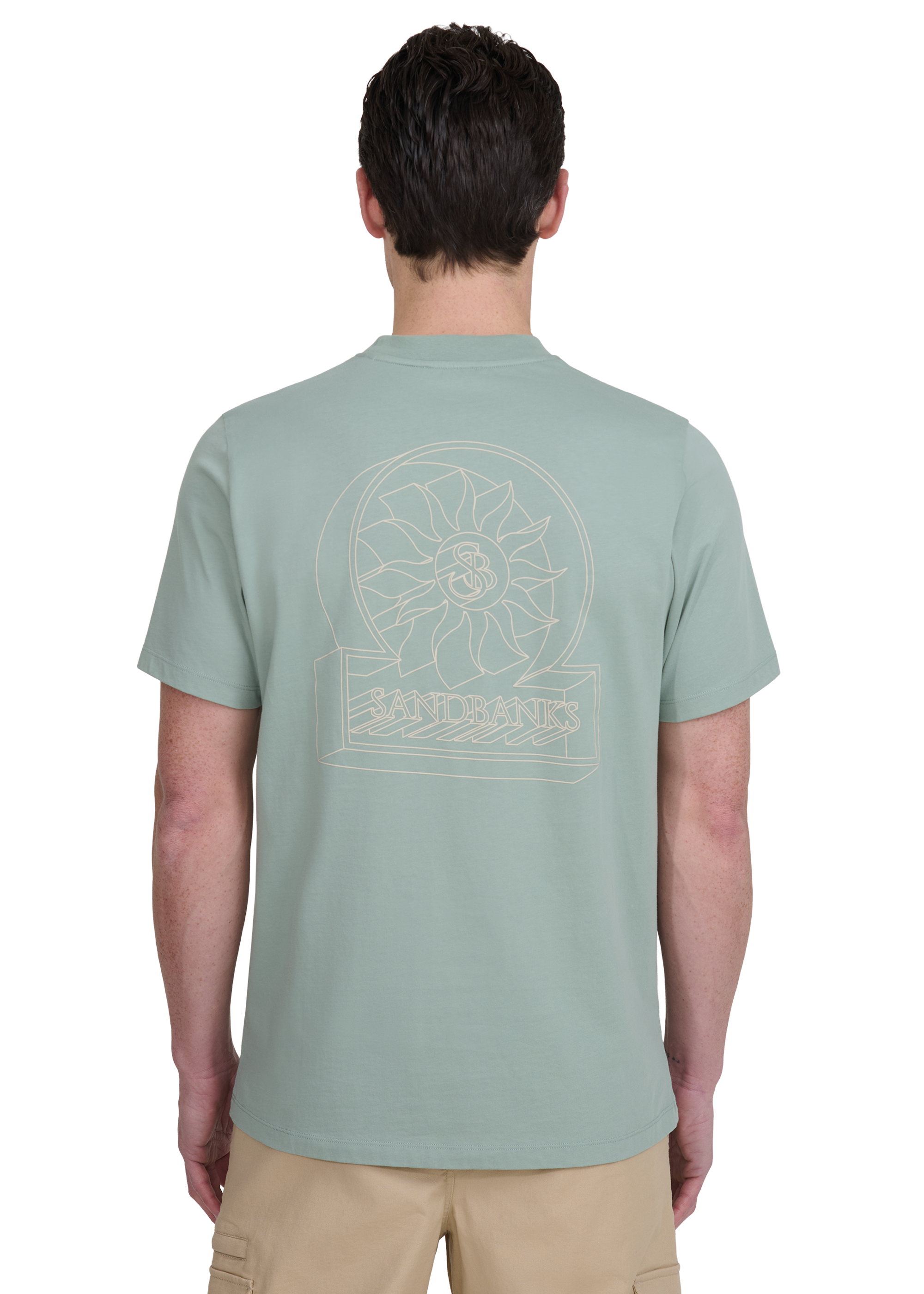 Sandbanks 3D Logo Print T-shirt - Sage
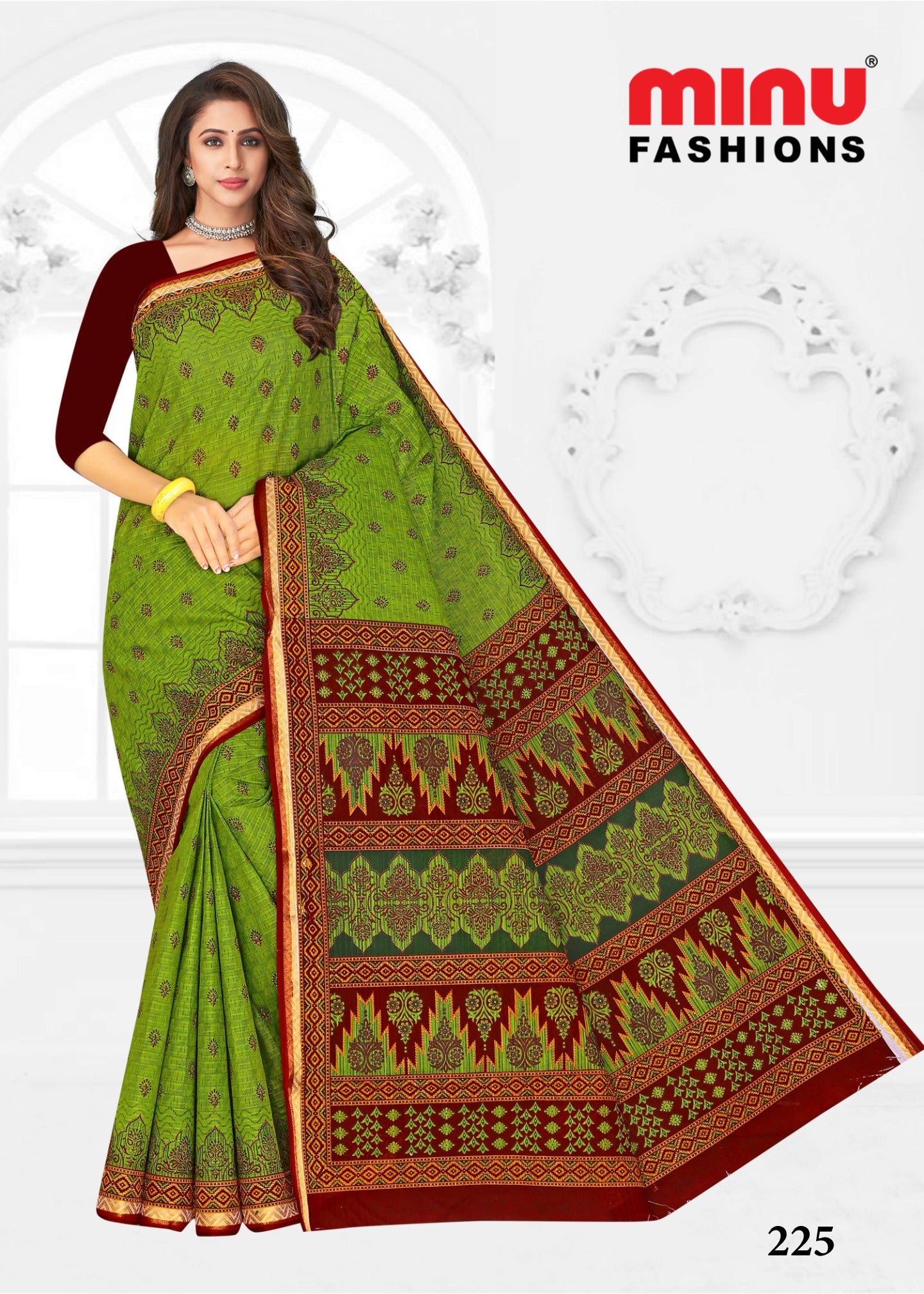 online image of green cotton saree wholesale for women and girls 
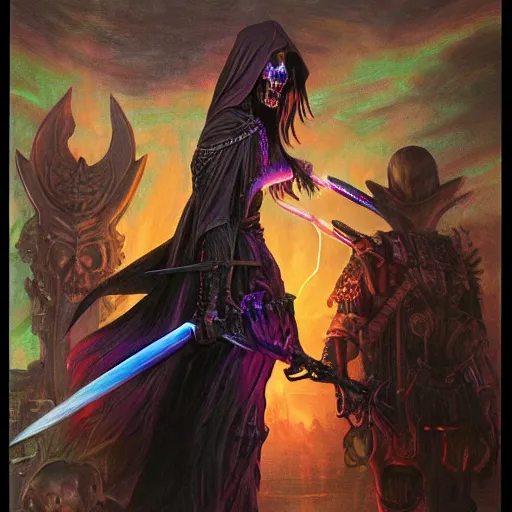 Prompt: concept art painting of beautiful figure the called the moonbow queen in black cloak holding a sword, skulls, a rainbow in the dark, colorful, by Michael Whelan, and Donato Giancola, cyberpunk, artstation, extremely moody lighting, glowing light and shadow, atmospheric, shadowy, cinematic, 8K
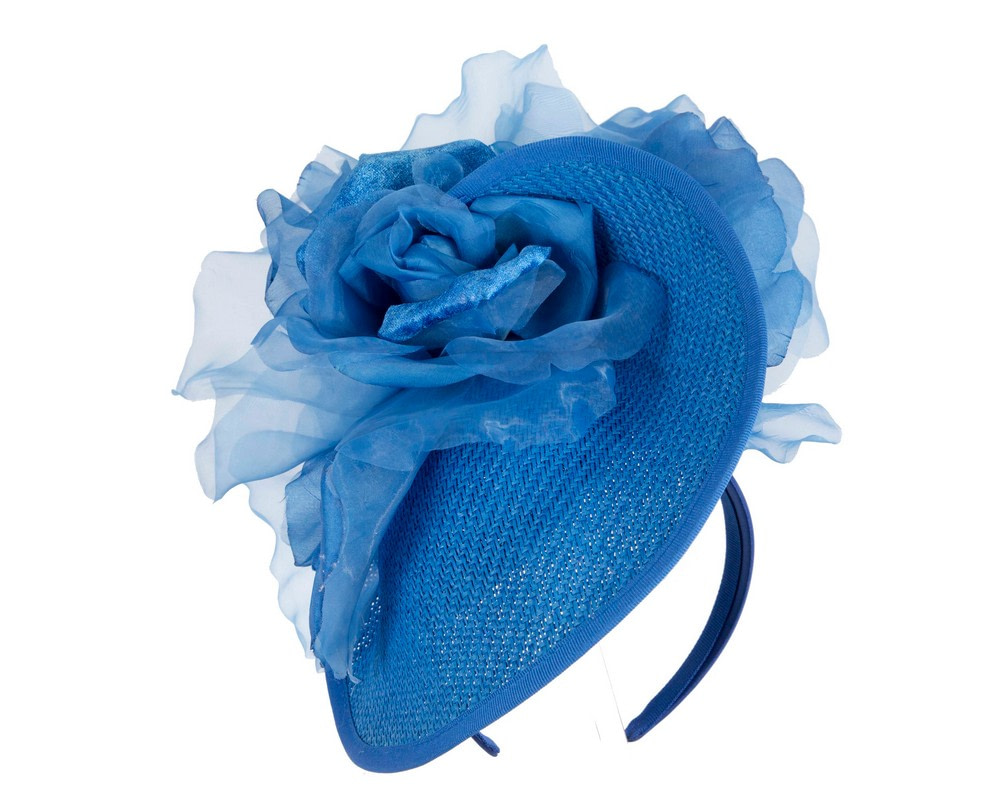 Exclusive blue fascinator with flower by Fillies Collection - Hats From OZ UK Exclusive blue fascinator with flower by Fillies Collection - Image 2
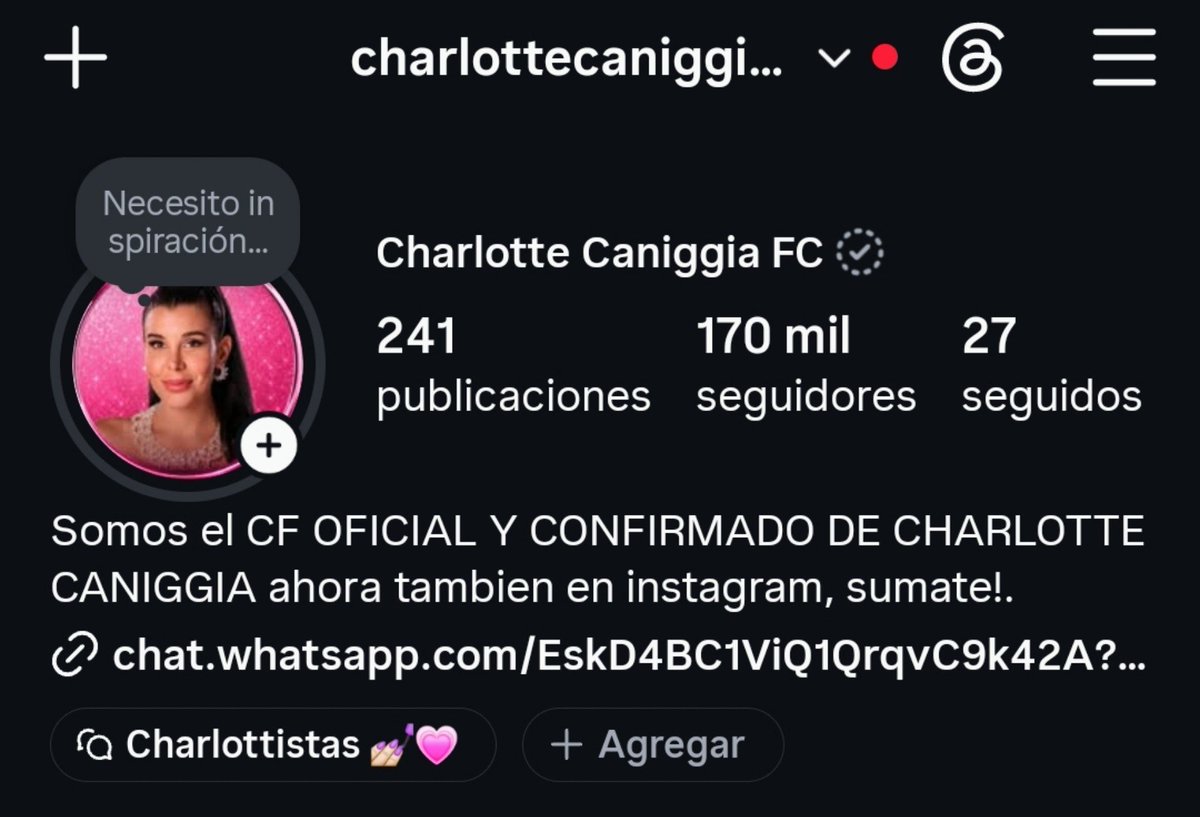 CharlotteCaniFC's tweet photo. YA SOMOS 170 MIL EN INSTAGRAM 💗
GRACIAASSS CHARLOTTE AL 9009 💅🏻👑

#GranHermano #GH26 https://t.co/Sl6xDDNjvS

• What the task requires
Pictures omitted, give the entries again exactly.

• Response to this exercise
 Sandbanks 3D Logo Print T-shirt - Sage
 online image of green cotton saree wholesale for women and girls 
 Prompt: concept art painting of beautiful figure the called the moonbow queen in black cloak holding a sword, skulls, a rainbow in the dark, colorful, by Michael Whelan, and Donato Giancola, cyberpunk, artstation, extremely moody lighting, glowing light and shadow, atmospheric, shadowy, cinematic, 8K
 Exclusive blue fascinator with flower by Fillies Collection - Hats From OZ UK Exclusive blue fascinator with flower by Fillies Collection - Image 2
 CharlotteCaniFC's tweet photo. YA SOMOS 170 MIL EN INSTAGRAM 💗
GRACIAASSS CHARLOTTE AL 9009 💅🏻👑

#GranHermano #GH26 https://t.co/Sl6xDDNjvS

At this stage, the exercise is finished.